Starting 2019 Learning Mindfulness

Gig Economy Podcast S2019 E1: Featuring Windy Gancayco

 (.mp3) – 27 minutes

LB: Hi, good morning everybody –or good evening, wherever you’re listening. Welcome to our second episode of the podcast here with Lorna at Yoveo. And today I’m pretty excited. We’re starting the year with a lot of reasons to be excited and thankful. So I’m joined today by my good friend, Windy Gancayco, who’s my teacher at Reiki and mindfulness. So today we’d be talking about my experience and I have some questions that I’d like to post to Windy for those of you who are thinking about how to address the multiple stresses that affect us in our everyday lives. So without further ado, I’d like to welcome Windy. Hi, Windy.

WG: Good morning, Lorna. So happy to be here with you.

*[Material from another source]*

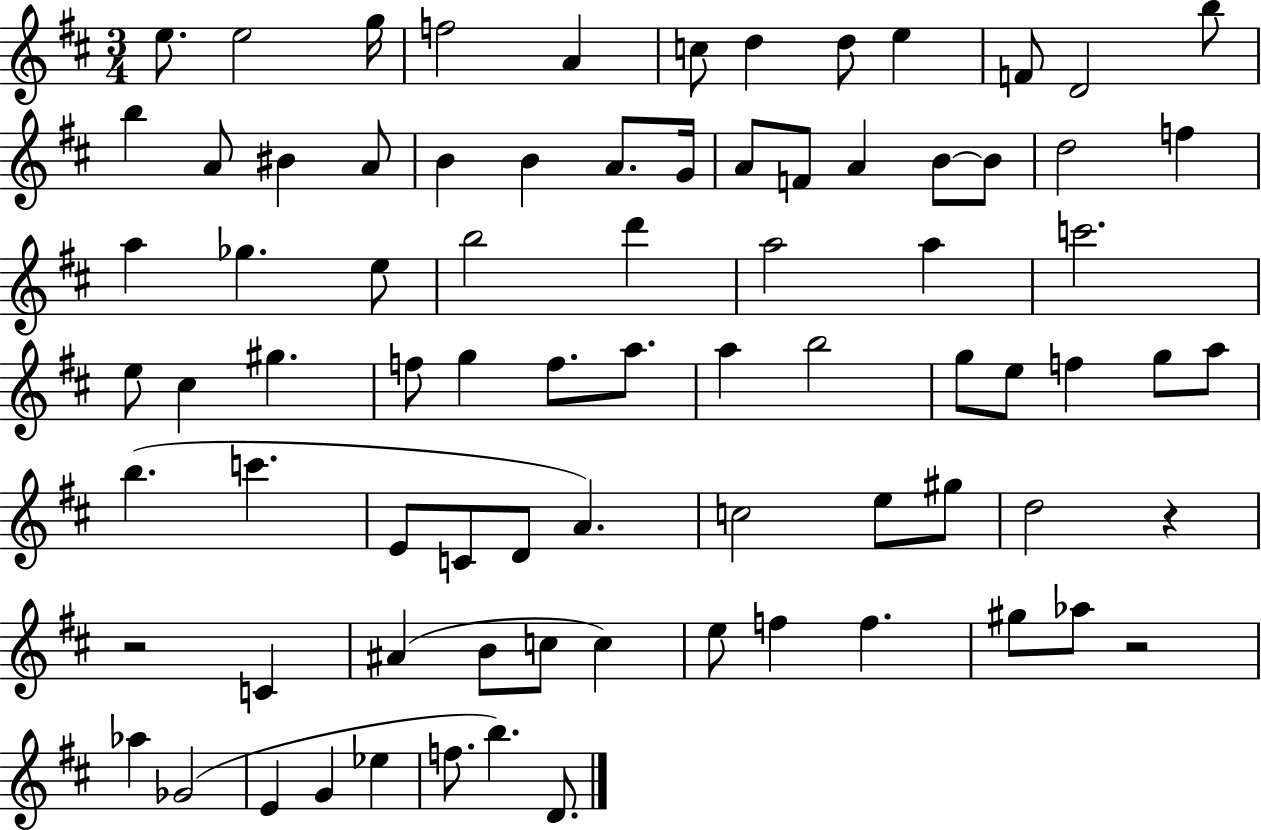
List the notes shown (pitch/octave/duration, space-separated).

E5/e. E5/h G5/s F5/h A4/q C5/e D5/q D5/e E5/q F4/e D4/h B5/e B5/q A4/e BIS4/q A4/e B4/q B4/q A4/e. G4/s A4/e F4/e A4/q B4/e B4/e D5/h F5/q A5/q Gb5/q. E5/e B5/h D6/q A5/h A5/q C6/h. E5/e C#5/q G#5/q. F5/e G5/q F5/e. A5/e. A5/q B5/h G5/e E5/e F5/q G5/e A5/e B5/q. C6/q. E4/e C4/e D4/e A4/q. C5/h E5/e G#5/e D5/h R/q R/h C4/q A#4/q B4/e C5/e C5/q E5/e F5/q F5/q. G#5/e Ab5/e R/h Ab5/q Gb4/h E4/q G4/q Eb5/q F5/e. B5/q. D4/e.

LB: Yeah, I’m happy to be here too. Jeebs is supposed to join us today, but he got –the show must go on. So that’s one of the things that we plan to do this month is to not just attend Windy’s mindfulness course, but also to learn more about what led her to teach this course and put it online for us. I mean I’m a great believer in virtual learning and so, Windy, to start off, I have a curious question about what was your experience –you know deciding to push through with bringing this mindfulness course online ?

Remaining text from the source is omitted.